Julie se défie toutefois des applications qui permettent de ‘fliquer’ les enfants. « Cela me dérange beaucoup quand la confiance est brisée. Cela peut se révéler très néfaste. Notamment dans les problématiques de harcèlement : les enfants ne viendront plus se confier sur ce qu’ils auront subi. Je pense donc qu’il convient de respecter la vie privée des enfants, en adoptant une démarche explicative et en instaurant un climat de confiance. Cependant, il faudra impérativement limiter le temps de connexion, car cela ne se fera pas tout seul ! »

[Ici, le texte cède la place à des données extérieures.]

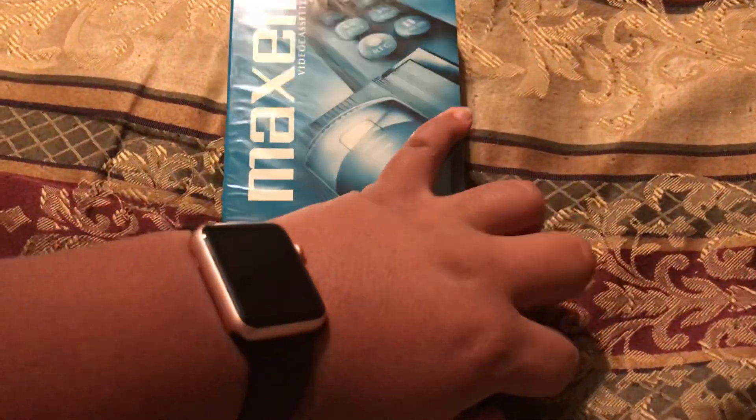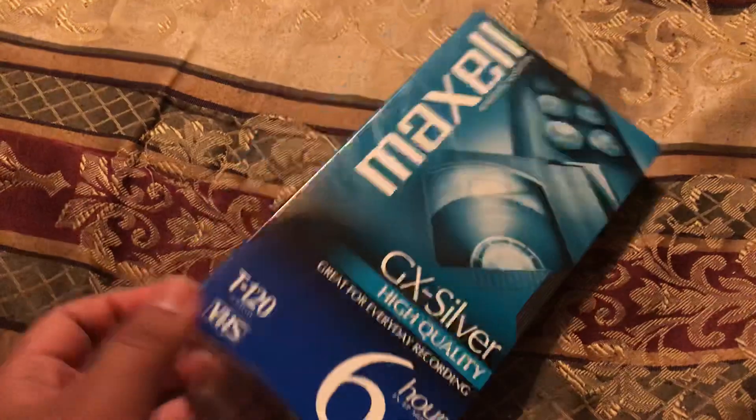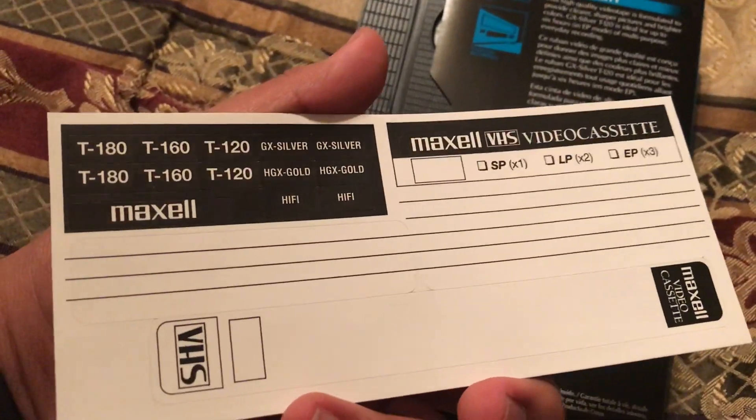I got the VHS tape. And here are some stickers you can put on your VHS tape.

Privilégier les contenus qualitatifs et éducatifs
D’une manière générale, Julie n’est pas favorable à une interdiction pure et simple. Elle poursuit : « pourquoi ne pas regarder au contraire avec les enfants ce qui pourrait leur plaire ? Les parents ont la responsabilité d’orienter leurs enfants vers un contenu qualitatif et éducatif. Par exemple, ma fille est en train d’apprendre les tables de multiplication et l’école nous a recommandé un site pour l’aider. En raison de ma déformation professionnelle, j’ai tout de suite noté que le site conseillé était loin d’être intuitif. J’ai donc essayé de trouver d’autres ressources et j’ai fini par découvrir une appli beaucoup plus sympathique ».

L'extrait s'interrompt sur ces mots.